Z scores
R has many-built in data sets. We haven’t used any of them yet, but here I will draw upon some built-in ozone data from New York State in 1973. The built-in data set is called airquality and the variable we want is called ozone
o3 <- airquality$Ozone #because o3 is the chemical formula for ozone
mean(o3) #we get NA because there is missing data
## [1] NA
o3 <- na.omit(airquality$Ozone) #fixes that problem
mean(o3)
## [1] 42.12931
sd(o3)
## [1] 32.98788
Suppose we want to know the probability of a measurement being over 100 (assuming normality). We can use the pnorm() function that we saw yesterday. Note that instead of typing 42.12931 and 32.98788, which carries the risk of entering a typo, I can put the mean() and sd() functions right inside the pnorm() function:
1-pnorm(100,mean=mean(o3),sd=sd(o3))
## [1] 0.03968944
So about 4%. Since there are 116 observations, we would expect 4.6 such values. Let’s see how close it is to reality.

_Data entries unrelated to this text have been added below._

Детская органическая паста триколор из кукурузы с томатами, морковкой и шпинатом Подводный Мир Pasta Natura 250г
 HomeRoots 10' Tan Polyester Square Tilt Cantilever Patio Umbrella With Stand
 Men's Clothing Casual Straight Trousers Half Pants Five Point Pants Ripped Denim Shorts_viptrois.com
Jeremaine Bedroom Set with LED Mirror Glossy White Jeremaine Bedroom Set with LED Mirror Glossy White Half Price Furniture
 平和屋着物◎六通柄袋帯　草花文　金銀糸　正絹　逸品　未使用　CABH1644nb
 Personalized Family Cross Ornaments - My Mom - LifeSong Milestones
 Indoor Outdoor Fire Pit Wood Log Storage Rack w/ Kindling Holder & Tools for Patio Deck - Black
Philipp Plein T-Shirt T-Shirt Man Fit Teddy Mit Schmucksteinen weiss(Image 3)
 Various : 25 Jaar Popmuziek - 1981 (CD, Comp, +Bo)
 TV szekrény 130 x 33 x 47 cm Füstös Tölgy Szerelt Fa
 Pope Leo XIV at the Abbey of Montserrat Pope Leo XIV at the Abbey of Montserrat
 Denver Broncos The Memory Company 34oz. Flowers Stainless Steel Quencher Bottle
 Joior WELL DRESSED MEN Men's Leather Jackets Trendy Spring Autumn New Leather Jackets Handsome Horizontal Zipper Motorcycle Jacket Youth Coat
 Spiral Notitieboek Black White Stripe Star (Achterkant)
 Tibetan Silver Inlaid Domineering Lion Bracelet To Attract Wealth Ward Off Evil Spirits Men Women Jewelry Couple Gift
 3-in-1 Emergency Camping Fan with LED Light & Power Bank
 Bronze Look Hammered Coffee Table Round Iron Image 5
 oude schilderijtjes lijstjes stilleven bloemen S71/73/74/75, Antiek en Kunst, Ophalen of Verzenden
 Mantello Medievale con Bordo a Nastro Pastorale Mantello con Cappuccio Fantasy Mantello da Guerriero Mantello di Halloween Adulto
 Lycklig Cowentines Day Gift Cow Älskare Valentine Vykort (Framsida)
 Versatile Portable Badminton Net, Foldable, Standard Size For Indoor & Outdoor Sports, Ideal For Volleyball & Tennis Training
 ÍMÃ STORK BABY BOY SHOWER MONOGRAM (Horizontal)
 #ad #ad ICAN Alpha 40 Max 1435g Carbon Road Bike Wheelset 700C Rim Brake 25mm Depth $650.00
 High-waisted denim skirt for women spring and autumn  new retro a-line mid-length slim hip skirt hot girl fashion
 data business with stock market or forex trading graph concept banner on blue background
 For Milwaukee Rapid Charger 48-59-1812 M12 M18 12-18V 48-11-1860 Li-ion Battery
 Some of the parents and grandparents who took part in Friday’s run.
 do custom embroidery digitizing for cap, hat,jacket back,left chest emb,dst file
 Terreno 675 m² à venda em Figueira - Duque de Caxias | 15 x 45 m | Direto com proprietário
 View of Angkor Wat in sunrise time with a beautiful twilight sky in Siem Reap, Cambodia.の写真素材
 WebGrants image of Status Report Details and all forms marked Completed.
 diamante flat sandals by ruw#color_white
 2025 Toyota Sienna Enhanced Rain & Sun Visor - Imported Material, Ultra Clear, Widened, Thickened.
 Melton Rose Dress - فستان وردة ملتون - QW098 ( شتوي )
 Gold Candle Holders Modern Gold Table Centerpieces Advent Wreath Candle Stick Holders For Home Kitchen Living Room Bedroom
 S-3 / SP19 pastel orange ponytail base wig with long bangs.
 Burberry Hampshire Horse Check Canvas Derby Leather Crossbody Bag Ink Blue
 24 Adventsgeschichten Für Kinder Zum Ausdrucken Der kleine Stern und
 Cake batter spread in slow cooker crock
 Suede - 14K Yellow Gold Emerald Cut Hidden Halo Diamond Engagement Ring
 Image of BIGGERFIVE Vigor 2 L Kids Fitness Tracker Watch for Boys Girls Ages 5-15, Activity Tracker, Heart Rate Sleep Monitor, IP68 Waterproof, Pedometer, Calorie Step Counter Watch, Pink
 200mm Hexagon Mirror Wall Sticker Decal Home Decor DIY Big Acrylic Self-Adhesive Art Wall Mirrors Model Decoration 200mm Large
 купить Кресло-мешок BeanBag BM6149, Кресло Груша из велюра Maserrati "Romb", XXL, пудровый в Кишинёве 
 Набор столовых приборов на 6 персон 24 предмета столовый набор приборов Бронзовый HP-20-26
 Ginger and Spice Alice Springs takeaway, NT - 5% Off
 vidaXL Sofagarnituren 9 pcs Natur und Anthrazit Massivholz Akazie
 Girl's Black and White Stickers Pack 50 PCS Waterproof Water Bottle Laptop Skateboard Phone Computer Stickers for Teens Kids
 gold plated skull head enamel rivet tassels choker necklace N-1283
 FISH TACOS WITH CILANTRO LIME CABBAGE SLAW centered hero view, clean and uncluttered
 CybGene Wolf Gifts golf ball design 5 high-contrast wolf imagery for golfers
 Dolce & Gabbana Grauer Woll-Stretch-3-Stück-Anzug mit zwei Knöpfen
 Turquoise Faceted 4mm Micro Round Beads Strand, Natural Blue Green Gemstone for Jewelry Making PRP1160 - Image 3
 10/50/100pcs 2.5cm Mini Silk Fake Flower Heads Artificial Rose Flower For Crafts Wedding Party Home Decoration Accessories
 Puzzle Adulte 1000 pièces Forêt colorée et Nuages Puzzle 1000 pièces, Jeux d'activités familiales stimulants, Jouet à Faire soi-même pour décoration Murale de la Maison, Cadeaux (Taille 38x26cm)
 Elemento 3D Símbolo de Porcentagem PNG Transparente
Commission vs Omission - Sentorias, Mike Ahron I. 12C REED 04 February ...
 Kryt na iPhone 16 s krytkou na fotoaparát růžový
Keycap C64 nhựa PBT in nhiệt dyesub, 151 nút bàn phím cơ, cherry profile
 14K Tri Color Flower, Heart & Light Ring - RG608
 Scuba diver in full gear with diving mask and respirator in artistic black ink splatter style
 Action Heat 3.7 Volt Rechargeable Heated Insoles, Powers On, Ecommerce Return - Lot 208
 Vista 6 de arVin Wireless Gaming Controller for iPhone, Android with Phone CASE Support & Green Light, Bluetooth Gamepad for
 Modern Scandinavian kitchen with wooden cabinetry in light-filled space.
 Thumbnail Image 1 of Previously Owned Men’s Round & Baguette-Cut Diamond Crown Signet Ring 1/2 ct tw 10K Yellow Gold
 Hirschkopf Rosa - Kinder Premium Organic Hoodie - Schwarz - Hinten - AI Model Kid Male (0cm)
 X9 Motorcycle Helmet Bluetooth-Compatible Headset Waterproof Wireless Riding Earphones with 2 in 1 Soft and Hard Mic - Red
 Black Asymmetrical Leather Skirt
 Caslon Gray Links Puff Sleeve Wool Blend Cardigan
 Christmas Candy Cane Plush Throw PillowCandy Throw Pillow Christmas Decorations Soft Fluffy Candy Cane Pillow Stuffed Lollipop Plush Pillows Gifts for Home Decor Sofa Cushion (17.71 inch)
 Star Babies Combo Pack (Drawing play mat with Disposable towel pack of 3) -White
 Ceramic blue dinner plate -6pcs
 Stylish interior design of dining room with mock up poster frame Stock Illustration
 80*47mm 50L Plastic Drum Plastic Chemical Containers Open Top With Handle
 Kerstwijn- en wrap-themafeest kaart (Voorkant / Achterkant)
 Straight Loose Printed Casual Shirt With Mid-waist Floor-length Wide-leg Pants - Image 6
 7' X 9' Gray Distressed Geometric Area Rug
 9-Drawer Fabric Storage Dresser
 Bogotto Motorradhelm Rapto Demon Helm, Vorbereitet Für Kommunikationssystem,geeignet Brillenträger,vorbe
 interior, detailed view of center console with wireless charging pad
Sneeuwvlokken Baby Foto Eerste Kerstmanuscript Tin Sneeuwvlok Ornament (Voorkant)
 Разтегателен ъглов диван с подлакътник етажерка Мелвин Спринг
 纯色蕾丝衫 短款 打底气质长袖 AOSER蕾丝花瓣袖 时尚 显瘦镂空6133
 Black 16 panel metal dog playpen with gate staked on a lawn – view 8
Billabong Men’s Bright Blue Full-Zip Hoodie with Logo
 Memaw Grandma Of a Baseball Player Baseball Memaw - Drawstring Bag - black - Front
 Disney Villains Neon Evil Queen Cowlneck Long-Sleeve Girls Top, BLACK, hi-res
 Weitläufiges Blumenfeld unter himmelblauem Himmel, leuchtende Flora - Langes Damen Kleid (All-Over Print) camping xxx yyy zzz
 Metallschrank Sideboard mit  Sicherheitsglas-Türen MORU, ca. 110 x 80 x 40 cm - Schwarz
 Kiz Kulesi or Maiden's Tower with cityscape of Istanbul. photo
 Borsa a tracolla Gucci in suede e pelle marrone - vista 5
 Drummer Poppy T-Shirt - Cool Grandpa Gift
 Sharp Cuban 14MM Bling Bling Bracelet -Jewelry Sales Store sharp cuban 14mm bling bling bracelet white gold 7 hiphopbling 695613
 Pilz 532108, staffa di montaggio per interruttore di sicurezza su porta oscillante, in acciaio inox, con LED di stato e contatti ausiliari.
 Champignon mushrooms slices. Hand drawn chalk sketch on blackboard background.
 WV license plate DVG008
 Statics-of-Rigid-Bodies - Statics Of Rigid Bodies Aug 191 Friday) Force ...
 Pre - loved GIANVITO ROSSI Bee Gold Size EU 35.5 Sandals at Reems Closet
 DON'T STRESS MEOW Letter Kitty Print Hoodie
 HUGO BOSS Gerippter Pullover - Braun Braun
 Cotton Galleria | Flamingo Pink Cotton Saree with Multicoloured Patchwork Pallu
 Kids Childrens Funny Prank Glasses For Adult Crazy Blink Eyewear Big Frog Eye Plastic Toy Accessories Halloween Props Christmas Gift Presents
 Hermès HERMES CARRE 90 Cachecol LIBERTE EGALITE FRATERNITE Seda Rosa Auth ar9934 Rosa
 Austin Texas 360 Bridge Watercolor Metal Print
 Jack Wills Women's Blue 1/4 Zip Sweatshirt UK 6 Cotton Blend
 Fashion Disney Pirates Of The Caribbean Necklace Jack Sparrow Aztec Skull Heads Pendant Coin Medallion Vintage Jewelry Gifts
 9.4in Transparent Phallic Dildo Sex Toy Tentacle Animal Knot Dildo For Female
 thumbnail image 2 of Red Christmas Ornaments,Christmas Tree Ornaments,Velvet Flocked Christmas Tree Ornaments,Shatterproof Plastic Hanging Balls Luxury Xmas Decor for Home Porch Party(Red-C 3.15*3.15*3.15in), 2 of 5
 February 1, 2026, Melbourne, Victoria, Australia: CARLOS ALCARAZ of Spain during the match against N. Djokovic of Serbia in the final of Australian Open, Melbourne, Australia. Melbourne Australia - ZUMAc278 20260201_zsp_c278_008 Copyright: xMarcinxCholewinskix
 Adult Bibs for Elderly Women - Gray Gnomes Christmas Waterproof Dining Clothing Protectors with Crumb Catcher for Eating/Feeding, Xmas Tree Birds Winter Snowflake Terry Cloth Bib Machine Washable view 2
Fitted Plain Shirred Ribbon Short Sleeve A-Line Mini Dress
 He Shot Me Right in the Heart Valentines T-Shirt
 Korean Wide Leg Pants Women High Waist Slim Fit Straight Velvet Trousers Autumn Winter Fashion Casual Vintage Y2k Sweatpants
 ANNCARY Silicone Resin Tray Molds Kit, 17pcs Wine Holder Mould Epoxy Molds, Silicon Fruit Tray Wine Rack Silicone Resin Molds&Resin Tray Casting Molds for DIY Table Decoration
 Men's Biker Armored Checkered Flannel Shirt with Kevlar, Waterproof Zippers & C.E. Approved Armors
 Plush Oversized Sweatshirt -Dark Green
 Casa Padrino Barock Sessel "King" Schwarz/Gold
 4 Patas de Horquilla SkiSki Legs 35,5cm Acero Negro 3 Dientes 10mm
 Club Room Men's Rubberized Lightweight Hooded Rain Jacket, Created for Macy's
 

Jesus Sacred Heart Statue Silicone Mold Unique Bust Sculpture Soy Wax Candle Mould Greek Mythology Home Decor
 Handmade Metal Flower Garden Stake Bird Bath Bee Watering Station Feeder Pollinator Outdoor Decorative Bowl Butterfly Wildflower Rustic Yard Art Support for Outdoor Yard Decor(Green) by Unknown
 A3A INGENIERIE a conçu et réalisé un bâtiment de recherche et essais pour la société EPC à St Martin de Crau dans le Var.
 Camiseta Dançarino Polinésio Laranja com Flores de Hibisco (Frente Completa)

Note the use of bracket notation to find the answer quickly, but I could have used filter() as well.
o3[o3>100]
## [1] 115 135 108 122 110 168 118
We see there were 7 observations over 100, not 4.6. A bit on the high side which suggests the data may be skewed, but that’s tangential to our main objective here.
Here we will use the method of standarization or normalization (the two terms are interchangeable) to answer the question of what is the probability of a reading above 100. To do this, we calculate what is known as a z-score. The formula is (X-mean)/sd, where X is our value of interest.
z <- (100-mean(o3))/sd(o3)
z
## [1] 1.754301
This means that 100 is 1.75 standard deviations above the mean. Recall from earlier lectures that the probability of being more than 1 standard deviation above the mean is about 34% and the probability of being more than 2 standard deviations above the mean is about 2.5%. Therefore we already know that our answer will be between 2.5% and 34%, but closer to 2.5%.
Now prepare to have your mind blown:
1-pnorm(z)
## [1] 0.03968944
If we apply pnorm() to our normalized value, we get our same answer! That’s because what we really did was:
1-pnorm(z,mean=0, sd=1)
## [1] 0.03968944
Remember than mean=0 and sd=1 are the default values. What we did with the z-score was to transform our variable into one with a mean of zero and a standard deviation of 1.
Why go to all this trouble just to get the same answer? I offer two reasons:
Old-school statisticians were taught to do things the second way. That’s because before computers this was a hard problem to solve. You could only look up the z-score in a table that would be in the appendix of your textbook. With computers, this is no longer necessary.
When you have many different variables on very different scales (imagine ozone, temperature, particulate matter, wind speed, etc.) it’s hard to compare the variables. Standardization puts them all on the same scale so you can. A z-score of 1.75 for ozone is the same as a z-score of 1.75 for temperature, in terms of ‘how unusual is this’. The next time someone accuses you of trying to compare apples and oranges, tell them that’s totally fine as long as you standardize them first.